* **TASK DESCRIPTION**
Everything from the line containing "LVD Lightweight Beach" to the last line of the listing below should be restated exactly, both ends included, with nothing added and the pictures omitted.

* **SUPPLIED INFORMATION**
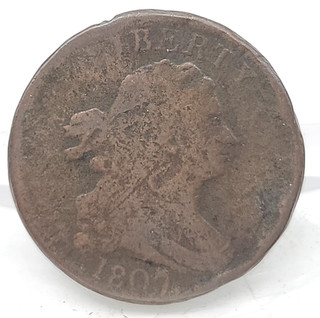 Lote circulado de medio centavo busto drapeado 1807. H37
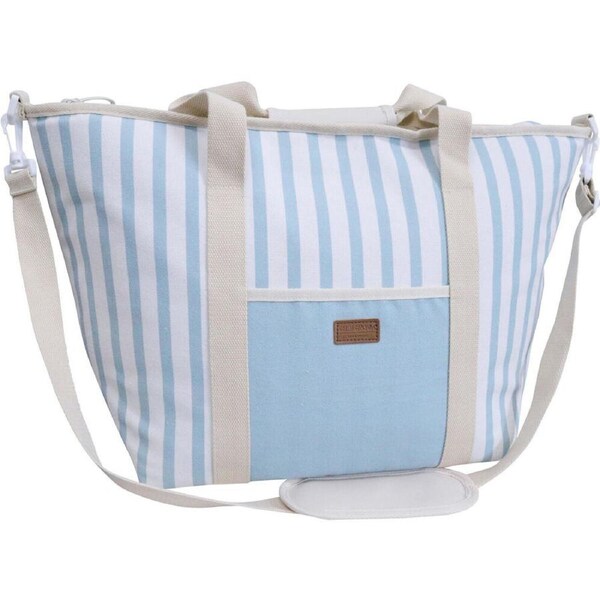 LVD Lightweight Beach Cooler Canvas Lined Tote Bag 51x23x34cm Sky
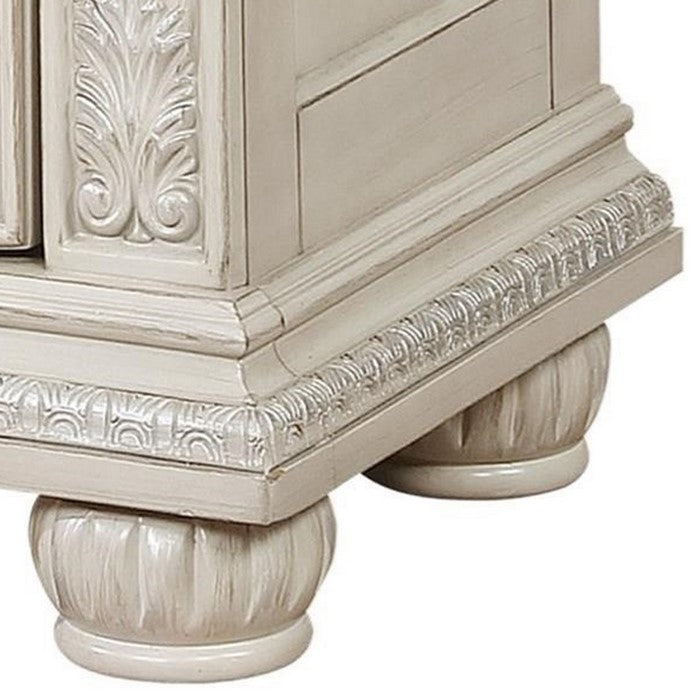 Wooden Nightstand with Three Spacious Drawers and Bun Feet, White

* **SOLUTION FOR THIS PROBLEM**
 LVD Lightweight Beach Cooler Canvas Lined Tote Bag 51x23x34cm Sky
 Wooden Nightstand with Three Spacious Drawers and Bun Feet, White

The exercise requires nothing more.